The Bailout Buzz
Time looks at the reaction to the House bill in Why Main Street Is Mad: Scenes from a Financial Crisis. The article includes remarks from Jay Inslee, the only Washington State Democrat to vote against the bailout in the House:
The correspondence from his constituents fell into three camps, Inslee says. The first group thinks any bailout is an outrage at a time when CEOs have been getting such huge bonuses. These people, says Inslee, “are so outraged, they don’t get past that.” The second group comprises people who recognize the need to intervene to avert further financial calamity “but are absolutely outraged that we’d do something that is so inequitable to Main Street.” This group, he says, is considerably larger than the first and wants a more balanced bill. Finally, Inslee says, there is a third group that “is in favor of doing anything because the situation is so dire. And his name is Bob.” Inslee isn’t being facetious: it is a group of one, a constituent named Bob, who avidly promotes the view.
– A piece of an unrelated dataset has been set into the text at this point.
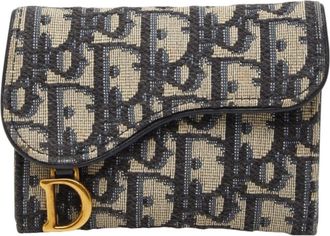 Dior Navy Canvas Leather Coin Purse/Coin Case (Pre-Owned)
All 451 pages of the Senate bill [PDF] would seem to be the House bill with tax breaks, so the government will be even less able to pay off its huge deficits. There is still no input sought from economists. The Senate is sugar-coating the bill with tax cuts to suck in more Republicans in the House.
This isn’t policy, it’s politics. It’s still a bailout, not a “rescue”, and it only helps Wall Street.
2 comments
The majority of these Senators are completely out of touch with their constituents. They don’t understand that there is a lot of anger out here in regular-folk-ville. We don’t want to help wall street. We want them to take their lumps. We realize there will be financial pain if we don’t. But we also suspect there will be financial pain for us if we do bail them out. We want some protection for our tax dollars but we don’t see that in this bill. They act like it’s business as usual. It’s time for new representation.
The people voting on this bill don’t understand the problem, and it is in the interest of Wall Street that the ignorance continues. Wall Street was allowed to go crazy, and there are elements of this bill that increase the likelihood that the insanity will get worse, not better.
You don’t decrease regulation on the people who have broken what few rules still exist, but that’s included in this bill.